To be human was to be a sentient being who remembers.*
“The third-century classic Jinshu summarized the paradox of memory: ‘Qing you yi sheng, bu yi ze wu qing.’ No words in English can capture the condensed reservations expressed in nine simple characters. The first four summarize ancient psychology: emotion is born out of remembrance. The next five advise the wise to stem this process of arousal altogether: where there is no remembrance, emotion will dissolve as well. The point, simply put, is that distress causes memory. To be sure, it is human to have feelings, but this can be curbed by a willful quieting of the emotional upheaval caused by remembrance.
“Simcha, the Hebrew word for ‘joy,’ has as its root macha, meaning ‘to remove’ or ‘wipe away.’ To be joyful, in this sense, is to be free of the tearful weight of the past.
“In the end, however, neither Chinese or Jewish rememberers settled for the peace of a memoryless world.
“The opposite of quietude can be found in the story of Lot’s wife… Here, a woman who refuses to walk away from history is turned into salt–a concrete symbol of endless weeping.
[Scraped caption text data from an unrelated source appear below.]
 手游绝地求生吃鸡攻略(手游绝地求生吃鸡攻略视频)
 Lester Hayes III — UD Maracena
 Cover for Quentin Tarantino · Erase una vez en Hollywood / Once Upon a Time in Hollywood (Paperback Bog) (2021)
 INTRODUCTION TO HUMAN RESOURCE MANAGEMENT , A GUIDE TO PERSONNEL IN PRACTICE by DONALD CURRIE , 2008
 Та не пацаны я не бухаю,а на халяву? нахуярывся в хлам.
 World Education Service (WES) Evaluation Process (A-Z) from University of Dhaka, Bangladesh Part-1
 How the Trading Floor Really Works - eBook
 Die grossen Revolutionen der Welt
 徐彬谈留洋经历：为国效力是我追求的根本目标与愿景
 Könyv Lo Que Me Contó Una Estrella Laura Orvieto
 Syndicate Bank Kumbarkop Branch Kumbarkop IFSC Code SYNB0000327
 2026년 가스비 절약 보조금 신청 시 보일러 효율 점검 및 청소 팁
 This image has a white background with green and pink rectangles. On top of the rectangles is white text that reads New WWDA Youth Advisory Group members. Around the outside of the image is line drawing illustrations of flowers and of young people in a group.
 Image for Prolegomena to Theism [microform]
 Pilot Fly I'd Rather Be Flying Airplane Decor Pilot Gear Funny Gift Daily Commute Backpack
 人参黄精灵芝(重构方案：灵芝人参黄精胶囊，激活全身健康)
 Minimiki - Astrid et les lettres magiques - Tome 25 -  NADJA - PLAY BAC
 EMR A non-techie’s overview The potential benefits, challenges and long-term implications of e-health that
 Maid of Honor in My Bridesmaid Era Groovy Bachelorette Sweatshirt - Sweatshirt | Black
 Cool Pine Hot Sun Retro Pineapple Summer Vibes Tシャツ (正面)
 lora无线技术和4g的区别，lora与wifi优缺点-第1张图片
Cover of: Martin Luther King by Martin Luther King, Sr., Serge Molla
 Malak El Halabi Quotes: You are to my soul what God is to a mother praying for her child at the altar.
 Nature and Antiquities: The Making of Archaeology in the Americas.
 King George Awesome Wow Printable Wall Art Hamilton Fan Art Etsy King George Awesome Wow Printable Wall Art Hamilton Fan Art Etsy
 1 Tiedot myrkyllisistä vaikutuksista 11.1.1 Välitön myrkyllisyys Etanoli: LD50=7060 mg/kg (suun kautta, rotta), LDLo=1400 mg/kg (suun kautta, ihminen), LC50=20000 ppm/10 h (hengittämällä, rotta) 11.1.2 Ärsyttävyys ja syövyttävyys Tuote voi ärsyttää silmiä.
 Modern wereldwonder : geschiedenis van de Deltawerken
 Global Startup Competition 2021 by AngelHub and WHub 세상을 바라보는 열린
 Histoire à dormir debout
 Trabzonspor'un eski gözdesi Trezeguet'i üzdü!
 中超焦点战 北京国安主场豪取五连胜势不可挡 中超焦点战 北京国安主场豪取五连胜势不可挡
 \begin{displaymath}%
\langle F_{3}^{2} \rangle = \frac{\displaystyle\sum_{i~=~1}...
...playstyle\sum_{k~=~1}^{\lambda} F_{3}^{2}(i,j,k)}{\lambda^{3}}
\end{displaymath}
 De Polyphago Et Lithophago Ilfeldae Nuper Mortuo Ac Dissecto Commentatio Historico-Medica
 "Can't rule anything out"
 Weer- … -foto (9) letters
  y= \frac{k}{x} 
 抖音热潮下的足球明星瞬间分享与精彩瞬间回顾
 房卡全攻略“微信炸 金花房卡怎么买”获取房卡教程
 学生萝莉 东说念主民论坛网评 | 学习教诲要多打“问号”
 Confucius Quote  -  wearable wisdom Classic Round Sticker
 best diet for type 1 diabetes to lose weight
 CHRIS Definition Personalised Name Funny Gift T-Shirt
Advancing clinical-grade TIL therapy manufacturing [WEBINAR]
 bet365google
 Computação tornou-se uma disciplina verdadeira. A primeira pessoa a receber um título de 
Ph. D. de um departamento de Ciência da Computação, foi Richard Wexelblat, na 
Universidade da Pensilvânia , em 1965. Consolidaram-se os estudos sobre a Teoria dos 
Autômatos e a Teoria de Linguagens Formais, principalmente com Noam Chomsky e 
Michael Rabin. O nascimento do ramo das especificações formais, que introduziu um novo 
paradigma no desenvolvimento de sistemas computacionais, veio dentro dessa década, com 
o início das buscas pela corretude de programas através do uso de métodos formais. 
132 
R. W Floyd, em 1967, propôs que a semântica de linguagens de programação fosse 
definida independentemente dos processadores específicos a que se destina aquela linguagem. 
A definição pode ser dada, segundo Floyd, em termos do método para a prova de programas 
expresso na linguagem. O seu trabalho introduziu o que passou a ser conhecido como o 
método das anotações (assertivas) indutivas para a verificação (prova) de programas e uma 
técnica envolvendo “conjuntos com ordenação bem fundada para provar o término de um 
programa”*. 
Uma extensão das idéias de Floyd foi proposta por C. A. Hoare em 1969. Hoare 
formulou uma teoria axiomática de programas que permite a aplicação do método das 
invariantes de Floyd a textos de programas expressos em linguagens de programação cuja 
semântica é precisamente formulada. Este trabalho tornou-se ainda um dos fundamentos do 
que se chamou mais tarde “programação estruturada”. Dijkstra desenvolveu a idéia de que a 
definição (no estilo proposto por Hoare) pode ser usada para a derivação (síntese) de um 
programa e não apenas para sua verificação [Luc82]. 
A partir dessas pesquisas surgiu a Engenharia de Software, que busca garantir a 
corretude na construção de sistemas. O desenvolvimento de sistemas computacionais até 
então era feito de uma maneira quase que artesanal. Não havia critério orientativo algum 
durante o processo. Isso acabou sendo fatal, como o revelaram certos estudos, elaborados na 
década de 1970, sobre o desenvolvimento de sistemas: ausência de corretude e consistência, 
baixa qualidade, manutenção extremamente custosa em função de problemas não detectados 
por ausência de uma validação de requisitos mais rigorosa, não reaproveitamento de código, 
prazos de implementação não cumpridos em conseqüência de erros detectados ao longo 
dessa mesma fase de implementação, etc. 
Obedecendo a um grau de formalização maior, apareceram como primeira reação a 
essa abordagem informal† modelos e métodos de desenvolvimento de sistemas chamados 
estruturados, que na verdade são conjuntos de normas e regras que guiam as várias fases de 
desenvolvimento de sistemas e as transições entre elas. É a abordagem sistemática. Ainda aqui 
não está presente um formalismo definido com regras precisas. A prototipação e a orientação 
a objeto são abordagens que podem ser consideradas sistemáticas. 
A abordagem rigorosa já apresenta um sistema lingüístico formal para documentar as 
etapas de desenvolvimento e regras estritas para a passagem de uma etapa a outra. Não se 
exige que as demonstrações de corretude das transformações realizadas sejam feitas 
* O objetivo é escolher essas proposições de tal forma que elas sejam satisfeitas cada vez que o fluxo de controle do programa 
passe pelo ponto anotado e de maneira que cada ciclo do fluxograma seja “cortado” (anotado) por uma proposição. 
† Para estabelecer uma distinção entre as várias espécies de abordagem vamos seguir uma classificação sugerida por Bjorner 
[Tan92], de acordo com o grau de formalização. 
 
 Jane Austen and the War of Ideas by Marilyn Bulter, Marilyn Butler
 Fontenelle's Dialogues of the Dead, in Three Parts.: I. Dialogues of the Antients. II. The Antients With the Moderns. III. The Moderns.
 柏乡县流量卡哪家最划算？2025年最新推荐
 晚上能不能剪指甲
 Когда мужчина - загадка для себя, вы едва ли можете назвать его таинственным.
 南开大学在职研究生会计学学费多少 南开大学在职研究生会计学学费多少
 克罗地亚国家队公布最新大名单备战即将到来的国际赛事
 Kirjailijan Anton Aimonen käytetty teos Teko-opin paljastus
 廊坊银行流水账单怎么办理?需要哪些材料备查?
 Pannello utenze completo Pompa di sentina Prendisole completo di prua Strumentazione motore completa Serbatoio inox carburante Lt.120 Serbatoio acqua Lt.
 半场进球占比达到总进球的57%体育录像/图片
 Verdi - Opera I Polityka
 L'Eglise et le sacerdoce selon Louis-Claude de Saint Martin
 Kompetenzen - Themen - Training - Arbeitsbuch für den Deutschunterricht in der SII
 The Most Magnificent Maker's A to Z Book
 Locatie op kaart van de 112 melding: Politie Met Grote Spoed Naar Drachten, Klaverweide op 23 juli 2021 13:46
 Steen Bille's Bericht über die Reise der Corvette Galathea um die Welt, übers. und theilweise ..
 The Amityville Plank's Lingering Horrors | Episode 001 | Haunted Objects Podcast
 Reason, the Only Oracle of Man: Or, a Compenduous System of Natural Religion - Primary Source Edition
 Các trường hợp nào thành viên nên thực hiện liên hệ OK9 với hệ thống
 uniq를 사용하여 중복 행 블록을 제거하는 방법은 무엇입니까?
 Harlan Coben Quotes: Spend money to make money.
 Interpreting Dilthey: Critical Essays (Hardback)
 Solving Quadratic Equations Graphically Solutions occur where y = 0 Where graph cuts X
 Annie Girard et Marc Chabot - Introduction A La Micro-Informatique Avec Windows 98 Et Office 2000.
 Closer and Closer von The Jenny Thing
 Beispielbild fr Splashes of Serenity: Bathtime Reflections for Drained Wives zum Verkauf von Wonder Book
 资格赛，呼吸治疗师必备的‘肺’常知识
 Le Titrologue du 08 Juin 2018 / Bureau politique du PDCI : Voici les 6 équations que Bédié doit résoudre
Lot’s wife captures the need to remain connected to the past and dares to stand still when the known world is about to crumble. Although some might argue that Lot’s wife looked back with nostalgic regret for past pleasures, Anna Akhmatova, in the poem, ‘Lot’s Wife,’ suggest she did so out of her refusal to become deaf to the grief embedded in the past.”*
Before its so-called birth, this goats beard already existed in other forms – clouds, sunshine, seeds, soil, and many other elements. Rather than birth and rebirth it is more accurate to say, “manifestation and re-manifestation”. It’s so-called birthday is really a day of its re-manifestation. It has already been here in various forms, and now it has made an effort to re-manifest.
When conditions are no longer sufficient and a plant ceases to manifest, we say it has died, but that is not correct either. Its constituents have merely transformed themselves into other elements.
A raindrop resting upon the fragile lace of goats beard, a pesky weed, an amazing umbrella for Thumbelina. It has been told that an old widowed woman planted a seed given to her from a good witch and within the flower that grew from that seed was a little girl no bigger than the old woman’s thumb. Fairy tales can be somewhat dark, but not the story of Thumbelina.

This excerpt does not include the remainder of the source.